Charlottetown Building Permits in RSS
This page documents an experimental script to scrape the City of Charlottetown website to create an RSS feed of weekly building permit summaries.
Download Source Code
You can browse the source code from a browser, or grab the latest version of the source code using Subversion at:
The script has the following dependencies:
- The XML_HTMLSax PEAR package. You can probably install this with
pear install XML_HTMLSax
- The sweet FeedCreator.class.php RSS creation class.
MySQL Table for Permit Summary Cache
You'll need a MySQL server where you can create a table to hold a cache of weekly summaries already discovered. In a database on that server you'll need to create a table with the the following structure:
CREATE TABLE `permitcache` ( `number` int(11) NOT NULL auto_increment, `dateadded` datetime NOT NULL default '0000-00-00 00:00:00', `url` text NOT NULL, `heading` varchar(50) NOT NULL default '', `filesize` int(11) NOT NULL default '0', UNIQUE KEY `numberdex` (`number`) )
You don't have to call the table permitcache -- you can set an arbitrary name for it in the script.
To get the script running, take the following steps:
- Create the MySQL table as above, and note the hostname, database name, table name, and authentication information for the table.
- In the permits2rss.php script, modify the user-configurable options:
- Set the MySQL server, database and table information.
- Change the URL of the web page containing the index of weekly permit summaries, if required.
- Change the variables used to store information to be embedded in the RSS feed, if required.
- Set the location for the RSS feed to be created; this should be a web-accessible file location if you want to make the RSS feed public.
If all goes according to plan, you should now be able to run the script as follows:
...and the result should be an RSS file in the location you specified.

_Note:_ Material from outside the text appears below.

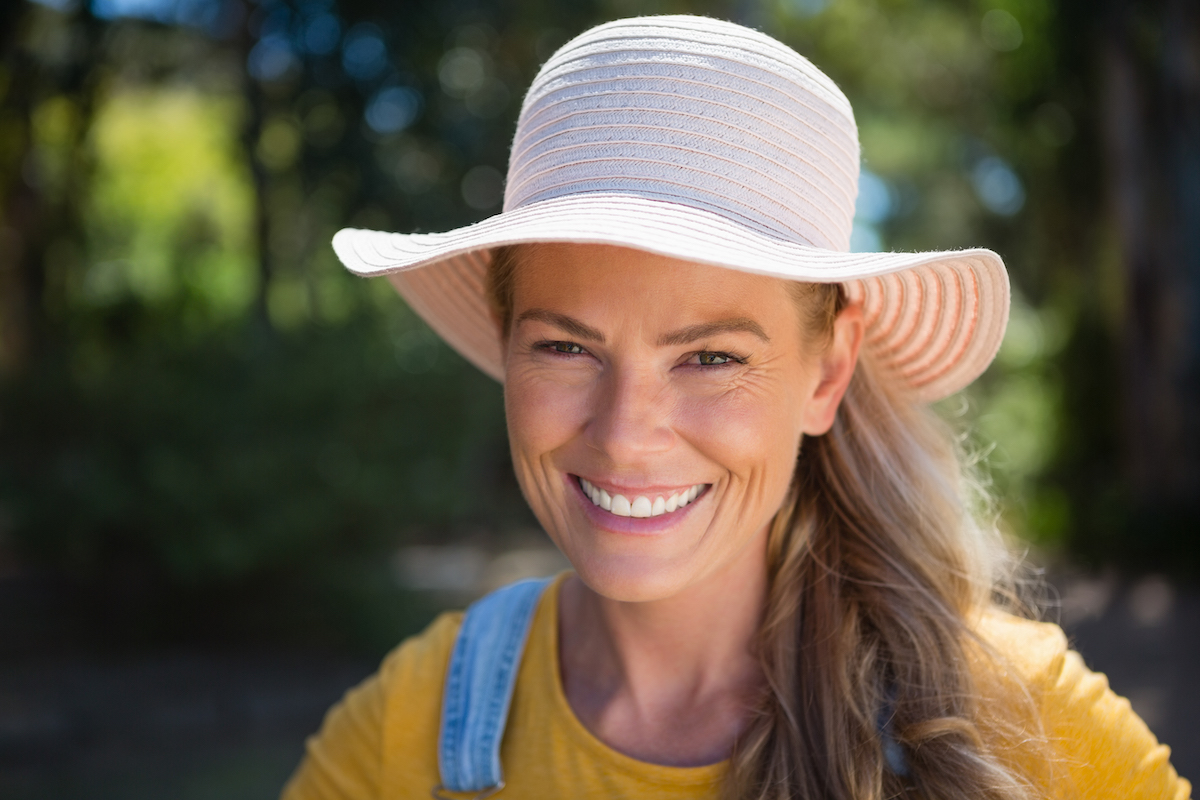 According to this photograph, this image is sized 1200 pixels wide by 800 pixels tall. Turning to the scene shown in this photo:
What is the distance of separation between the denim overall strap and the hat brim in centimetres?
56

To be useful, you should set the script up to run regularly -- perhaps once a day -- as a cron job, so that the RSS file is always current.

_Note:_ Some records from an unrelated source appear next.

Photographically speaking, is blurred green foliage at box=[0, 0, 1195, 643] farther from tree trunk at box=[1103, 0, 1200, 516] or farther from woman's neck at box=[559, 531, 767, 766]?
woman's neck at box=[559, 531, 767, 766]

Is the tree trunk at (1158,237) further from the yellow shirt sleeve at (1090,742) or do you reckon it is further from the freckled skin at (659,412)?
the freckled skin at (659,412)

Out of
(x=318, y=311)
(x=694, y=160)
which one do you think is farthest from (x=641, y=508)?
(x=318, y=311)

I've set up a Test RSS Feed. Examine the contents of this feed if you want to see the intended result of the script.
Bugs and To Do
The City of Charlottetown webserver appears to be somewhat flaky, and will sometimes return a HTTP/1.1 500 Internal Server Error, which causes the script to crash like this:
Warning: file_get_contents(http://www.city.charlottetown.pe.ca/residents/application_fees.cfm): failed to open stream: HTTP request failed! HTTP/1.1 500 Internal Server Error in /root/cron/buildingpermits/permits2rss.php on line 161
The code should probably be more graceful about handling this.